Author: Matt Haig
Finished on: 30 December 2016
Where did I get this book: I bought it as a birthday present for my daughter, then hassled her to read it immediately so I could borrow (not that it took much hassling, she is as big a fan of these books as I am).
Reading A Boy Called Christmas was one of the highlights of my 2015 festive season. The finest Christmas stories have always been those that not only cut through all the commercialism and ostentatious spending, but more importantly make wider political points about the world we’re living in; that use Christmas as a way to shine a light on ugly truths we have perhaps started to accept as inevitable.
From the nativity story itself, to Dickens’s A Christmas Carol, these stories help us to draw inspiration from Christmas as a time of goodwill and celebration, not just to have fun (although this is very important in itself) but also to think about our place in the world and what we might be able to do to make things better.
Haig has said on twitter that A Boy Called Christmas is the most political thing he has ever written. Now I know people say a lot of things on twitter, but that book, and now The Girl Who Saved Christmas, are great examples for that Madeleine L’Engle quote:
You have to write the book that wants to be written. And if the book will be too difficult for grown-ups, then you write it for children.
The Girl Who Saved Christmas is a sequel but also a stand alone book in its own right. It tells the story of 1841 and 1842, the period leading up to Christmas becoming a huge and well-established holiday celebration in Britain. Through a combination of Prince Albert’s enthusiasm and importing of new traditions, and the publication of A Christmas Carol in 1843, Christmas became the festive season we now know and love.
And Haig shows how this was all made possible through magic, the hope of one amazing little girl, and a little inspiration thrown to a certain Mr Dickens. Maybe the article on how how Dickens invented the secular Christmas as we know it even provided some inspiration for this book? That would be awesome.
Whereas A Boy Called Christmas included a searing portrayal of the dangers of a corrupt political system and media, The Girl Who Saved Christmas shows us the seductive power of being consistently and repeatedly fed lies as if they were truths, the fear and mistrust that this can breed, and the awful consequences if these insidious lies are not challenged.
It is a gorgeous, moving book with a brilliantly brave and compelling lead character in Amelia Wishart, the hero of the title. It can happily be read as a story about elves, pixies, trolls and magic. But there is more to it than that.

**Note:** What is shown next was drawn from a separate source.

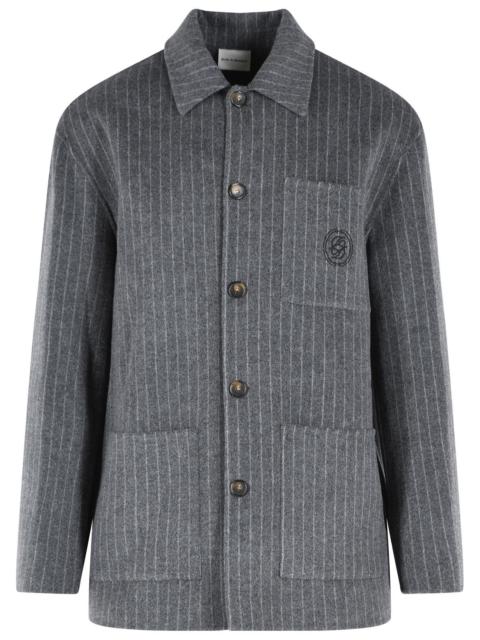 Drôle de Monsieur Drole De Monsieur Pinstripe Shirt Grey Wool Blend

2016 has been a difficult year for many reasons. But hope seems to be a theme of its wrap up. I read this book, and went to see the film Rogue One with its heartbreakingly wonderful ending, within two days of each other. And while there is cause to be scared about some of what 2017 holds in store for us, this book has a welcome and clear message about the power of hope. But also that we won’t make a difference sitting on our bums eating mince pies; that beyond the fun and the festivities, we can take inspiration to ‘honour Christmas in my heart, and try to keep it all the year’: be brave and challenge lies, mistrust and walls between people.
We’ll leave the last word with Ebenezer Scrooge’s nephew Fred:
I have always thought of Christmas time… as the only time I know of, in the long calendar of the year when men and women seem by one consent to open their shut-up hearts freely, and to think of people below them as if they really were fellow-passengers to the grave, and not another race of creatures bound on other journeys.